It's true that Apple's App Store design encourages users to vent into reviews because it does not provide a straightforward way to contact the developers or raise a support ticket. This is bad and it really needs fixing.

However, your approach is not neutral. Let's just take a look at the logic (diagram from article):

http://www.90percentofeverything.com/wp-content/uploads/2012...

After a user submits positive feedback, they are invited to leave a review. After a user submits negative feedback, they are not invited to do so - only a highly motivated user would then bother to leave the app, find the entry in the App Store and write a review there. What's more, it's hard to say whether some users will even understand the difference between your internal feedback UI and the Apple App Store review UI. i.e. they might think that your feedback form posts into the App Store reviews area.

For the record, the article does not claim "this is evil" (as kgtm stated earlier). It simply states that the appsfire interface fits the definition of a dark pattern. Whether you think it's ethical or not, you have to agree that the UI is somewhat manipulative.

3 comments

Well, if an app author is going to go the extra mile and write a mechanism to complement apple's deficient review system, you can't really ask them to be neutral while doing so. Think about it for a second, how could they have done it differently? The only viable option is to remove the link to leaving a review after the positive feedback and that's removing functionality(If I found an app useful I want to help the developer by leaving a positive review). I can't really blame anyone for not adding a link to leaving a review after the user has given negative feedback, I definitely wouldn't to it.

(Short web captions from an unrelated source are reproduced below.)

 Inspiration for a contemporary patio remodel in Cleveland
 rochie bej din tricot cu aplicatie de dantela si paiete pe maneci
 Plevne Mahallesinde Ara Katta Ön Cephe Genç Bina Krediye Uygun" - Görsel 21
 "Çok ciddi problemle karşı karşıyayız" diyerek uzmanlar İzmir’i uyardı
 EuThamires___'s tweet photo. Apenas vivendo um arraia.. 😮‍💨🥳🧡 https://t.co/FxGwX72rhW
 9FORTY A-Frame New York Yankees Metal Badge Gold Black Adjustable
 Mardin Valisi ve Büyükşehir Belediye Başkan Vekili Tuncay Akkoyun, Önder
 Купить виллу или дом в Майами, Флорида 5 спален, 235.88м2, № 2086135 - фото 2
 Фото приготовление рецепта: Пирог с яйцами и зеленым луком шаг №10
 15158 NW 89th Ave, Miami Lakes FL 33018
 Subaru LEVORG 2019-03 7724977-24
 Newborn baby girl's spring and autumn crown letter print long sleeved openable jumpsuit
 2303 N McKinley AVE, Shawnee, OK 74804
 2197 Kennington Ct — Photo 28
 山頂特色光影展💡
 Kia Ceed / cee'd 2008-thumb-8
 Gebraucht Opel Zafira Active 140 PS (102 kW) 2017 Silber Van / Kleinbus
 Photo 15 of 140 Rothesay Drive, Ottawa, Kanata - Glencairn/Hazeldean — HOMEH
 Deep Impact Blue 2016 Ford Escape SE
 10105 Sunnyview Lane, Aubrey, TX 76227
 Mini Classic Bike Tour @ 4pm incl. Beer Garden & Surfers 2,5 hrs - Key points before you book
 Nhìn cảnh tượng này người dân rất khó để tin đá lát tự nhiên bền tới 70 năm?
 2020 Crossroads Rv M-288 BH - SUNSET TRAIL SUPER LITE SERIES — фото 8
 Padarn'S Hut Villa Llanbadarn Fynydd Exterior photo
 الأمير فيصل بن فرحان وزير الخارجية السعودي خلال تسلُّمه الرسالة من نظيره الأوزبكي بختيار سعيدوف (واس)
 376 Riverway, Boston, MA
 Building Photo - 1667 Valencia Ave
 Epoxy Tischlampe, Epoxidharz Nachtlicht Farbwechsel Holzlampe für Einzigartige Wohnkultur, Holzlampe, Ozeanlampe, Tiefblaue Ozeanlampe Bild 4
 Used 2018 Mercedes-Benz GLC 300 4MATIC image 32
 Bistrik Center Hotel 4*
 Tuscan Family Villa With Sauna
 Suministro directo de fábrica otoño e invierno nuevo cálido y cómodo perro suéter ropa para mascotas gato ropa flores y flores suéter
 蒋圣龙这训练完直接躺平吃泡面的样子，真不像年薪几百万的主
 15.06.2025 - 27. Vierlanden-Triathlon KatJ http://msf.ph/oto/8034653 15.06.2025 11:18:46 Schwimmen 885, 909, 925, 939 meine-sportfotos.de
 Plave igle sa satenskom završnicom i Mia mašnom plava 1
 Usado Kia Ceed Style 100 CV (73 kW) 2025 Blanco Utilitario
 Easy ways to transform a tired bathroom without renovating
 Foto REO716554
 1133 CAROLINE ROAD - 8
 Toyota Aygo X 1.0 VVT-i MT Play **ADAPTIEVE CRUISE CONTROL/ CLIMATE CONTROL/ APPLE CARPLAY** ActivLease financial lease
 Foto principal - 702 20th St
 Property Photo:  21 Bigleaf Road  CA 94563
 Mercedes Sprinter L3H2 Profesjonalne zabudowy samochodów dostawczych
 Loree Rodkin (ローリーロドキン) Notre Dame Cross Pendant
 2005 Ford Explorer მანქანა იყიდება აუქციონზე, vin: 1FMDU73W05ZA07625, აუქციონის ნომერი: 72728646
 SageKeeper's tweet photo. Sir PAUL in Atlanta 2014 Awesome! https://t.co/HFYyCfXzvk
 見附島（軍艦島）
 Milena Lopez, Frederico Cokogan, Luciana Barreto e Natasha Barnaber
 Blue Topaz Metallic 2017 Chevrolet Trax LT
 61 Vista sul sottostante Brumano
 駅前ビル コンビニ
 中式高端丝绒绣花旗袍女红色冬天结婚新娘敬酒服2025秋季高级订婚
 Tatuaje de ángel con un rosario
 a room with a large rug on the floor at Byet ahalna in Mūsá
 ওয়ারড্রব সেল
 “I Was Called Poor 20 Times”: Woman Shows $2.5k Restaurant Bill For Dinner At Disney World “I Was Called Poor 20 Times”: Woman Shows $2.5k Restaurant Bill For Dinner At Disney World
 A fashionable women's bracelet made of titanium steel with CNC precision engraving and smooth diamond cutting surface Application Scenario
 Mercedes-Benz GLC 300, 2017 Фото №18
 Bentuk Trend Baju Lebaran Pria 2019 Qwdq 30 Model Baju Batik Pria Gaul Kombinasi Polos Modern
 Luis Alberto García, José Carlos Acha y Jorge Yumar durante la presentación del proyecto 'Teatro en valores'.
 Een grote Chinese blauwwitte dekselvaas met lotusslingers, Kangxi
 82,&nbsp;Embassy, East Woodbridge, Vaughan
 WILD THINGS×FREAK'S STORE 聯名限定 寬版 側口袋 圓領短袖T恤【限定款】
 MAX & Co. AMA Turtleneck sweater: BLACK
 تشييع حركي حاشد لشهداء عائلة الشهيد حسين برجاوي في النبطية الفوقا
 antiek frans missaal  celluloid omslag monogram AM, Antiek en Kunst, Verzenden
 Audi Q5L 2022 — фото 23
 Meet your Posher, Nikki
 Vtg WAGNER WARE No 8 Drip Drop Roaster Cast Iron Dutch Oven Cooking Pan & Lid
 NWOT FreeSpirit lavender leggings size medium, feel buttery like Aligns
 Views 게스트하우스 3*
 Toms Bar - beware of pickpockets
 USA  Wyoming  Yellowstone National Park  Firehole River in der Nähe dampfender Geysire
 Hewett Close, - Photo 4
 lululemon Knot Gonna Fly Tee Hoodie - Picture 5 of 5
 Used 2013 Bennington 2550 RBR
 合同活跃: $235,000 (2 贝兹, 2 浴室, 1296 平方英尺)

Furthermore, I don't use iOS, but if review patterns are similar to those on Android(and I can't really see why they wouldn't be) then I can really see where the app's author is coming from. Most negative reviews I've seen(especially on actually good apps) have been things like "1-star doesn't work!" in a sea of "5-star awesome app!". You can hardly blame a developer for wanting to know how it "doesn't work" instead of just getting a vague review that doesn't explain anything.

Harry calling our approach "Dark pattern" is probably far streched. Appsfire App booster is a dialog system and the feedback system is built to give the developer a chance to answer the user before he s goes public about his review. This is in our mind way better than the current practice in the app store. If you want to look at Dark Patterns consider paid review/ratings systems, incentivized ratings systems many apps have built in, or simply abusive intrusive popups breaking the user experience that will probably lead to unjustified negative reviews in the app store.
One point of note is that you selected "bug" for the category/tag for your feedback. By almost anyone's definition of review vs. bug report there is a big difference and posting a bug report as a review doesn't ensure that the developer would see that info.

I'm not claiming what they're doing is ideal, but I can see a strong argument for not sending bug reports to the app store reviews.